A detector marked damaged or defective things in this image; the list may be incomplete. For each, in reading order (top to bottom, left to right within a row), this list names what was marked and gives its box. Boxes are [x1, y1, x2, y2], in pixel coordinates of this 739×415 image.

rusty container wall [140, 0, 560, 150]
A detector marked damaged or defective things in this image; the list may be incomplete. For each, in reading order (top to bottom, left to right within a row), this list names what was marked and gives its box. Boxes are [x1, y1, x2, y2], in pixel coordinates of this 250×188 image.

---

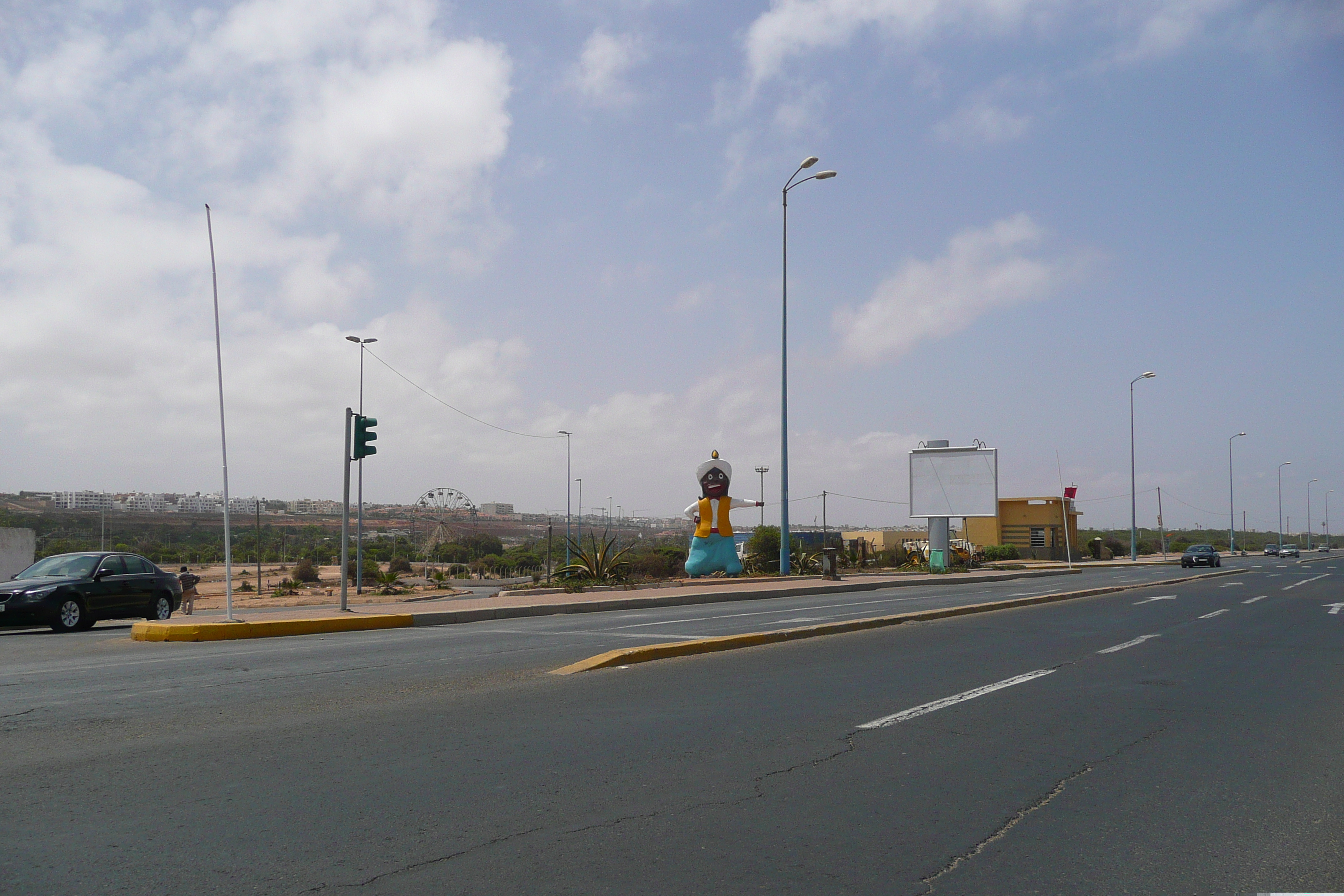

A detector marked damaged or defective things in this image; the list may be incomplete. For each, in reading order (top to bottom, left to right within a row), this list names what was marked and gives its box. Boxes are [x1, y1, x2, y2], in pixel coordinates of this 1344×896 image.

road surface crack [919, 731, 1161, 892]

* **The task**:
Word for word, restate the lines above from the line containing "this 739×415 image." through the line containing "this 250×188 image.", with both included and nothing else.

* **Reply**:
A detector marked damaged or defective things in this image; the list may be incomplete. For each, in reading order (top to bottom, left to right within a row), this list names what was marked and gives its box. Boxes are [x1, y1, x2, y2], in pixel coordinates of this 739×415 image.

rusty container wall [140, 0, 560, 150]
A detector marked damaged or defective things in this image; the list may be incomplete. For each, in reading order (top to bottom, left to right within a row), this list names what was marked and gives its box. Boxes are [x1, y1, x2, y2], in pixel coordinates of this 250×188 image.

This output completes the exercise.